11 października 2018, 12:30 Alert

Niemieckie stowarzyszenie branżowe VDA ostrzega, że plany Unii Europejskiej, by zmniejszyć emisje CO2 z pojazdów o 35 procent do 2030 roku mogą oznaczać zwolnienia. – Szkoda, że państwa członkowskie nie były na tyle asertywne, by znaleźć równowagę między ochroną klimatu a miejscami pracy – powiedział prezes VDA Bernard Mattes.

Spaliny. Fot. Wikimedia Commons
Spaliny. Fot. Wikimedia Commons

Emisje a zwolnienia

Bezpieczeństwo miejsc pracy w Niemczech jest osłabione, tak samo jak pozycja branży – powiedział Mattes, były szef niemieckiego Forda. VDA reprezentuje Forda, Volkswagena, BMW i Daimlera. – Straciliśmy szansę, by współtworzyć unijne regulacje dotyczące emisji CO2 po 2021 roku w sposób realistyczny technologicznie i ekonomicznie – dodał.

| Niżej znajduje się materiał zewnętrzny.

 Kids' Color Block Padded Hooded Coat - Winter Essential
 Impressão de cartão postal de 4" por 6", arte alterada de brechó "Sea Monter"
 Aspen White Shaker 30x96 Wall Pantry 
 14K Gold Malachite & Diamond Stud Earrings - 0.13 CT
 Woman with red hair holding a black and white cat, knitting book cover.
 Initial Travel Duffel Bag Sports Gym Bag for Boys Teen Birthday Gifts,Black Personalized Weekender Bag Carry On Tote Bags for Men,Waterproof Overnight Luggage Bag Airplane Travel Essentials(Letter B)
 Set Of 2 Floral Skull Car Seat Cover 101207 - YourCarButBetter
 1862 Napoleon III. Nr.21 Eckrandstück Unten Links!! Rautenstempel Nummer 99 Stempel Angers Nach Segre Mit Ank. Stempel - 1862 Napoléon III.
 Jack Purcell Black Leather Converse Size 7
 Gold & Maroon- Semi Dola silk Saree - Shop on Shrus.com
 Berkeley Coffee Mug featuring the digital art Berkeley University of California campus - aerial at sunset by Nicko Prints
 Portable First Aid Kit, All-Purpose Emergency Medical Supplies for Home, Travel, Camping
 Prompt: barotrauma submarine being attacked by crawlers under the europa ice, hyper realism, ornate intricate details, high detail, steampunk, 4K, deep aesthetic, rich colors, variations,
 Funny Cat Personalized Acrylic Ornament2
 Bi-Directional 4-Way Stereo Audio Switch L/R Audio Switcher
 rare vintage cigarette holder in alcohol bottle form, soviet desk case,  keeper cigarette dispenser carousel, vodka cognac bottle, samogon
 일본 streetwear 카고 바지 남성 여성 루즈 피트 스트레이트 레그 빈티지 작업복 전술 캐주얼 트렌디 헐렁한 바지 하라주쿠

Zaznaczył, że rządy państw UE powinny przeznaczyć więcej środków na rozbudowę sieci ładowania, jeśli rzeczywiście chcą przejścia na transport niskoemisyjny. Szef grupy Volkswagen Herbert Diess ostrzegł, że nowe cele emisji CO2 mogą mieć poważne konsekwencje: – Branża motoryzacyjna może się zawalić szybciej niż wiele osób myśli. Ograniczenie emisji z transportu o 40 procent do 2030 będzie kosztować nas jedną czwartą miejsc pracy, czyli około stu tysięcy zwolnień. Cel 35 procent nie jest wiele lepszy – powiedział Diess.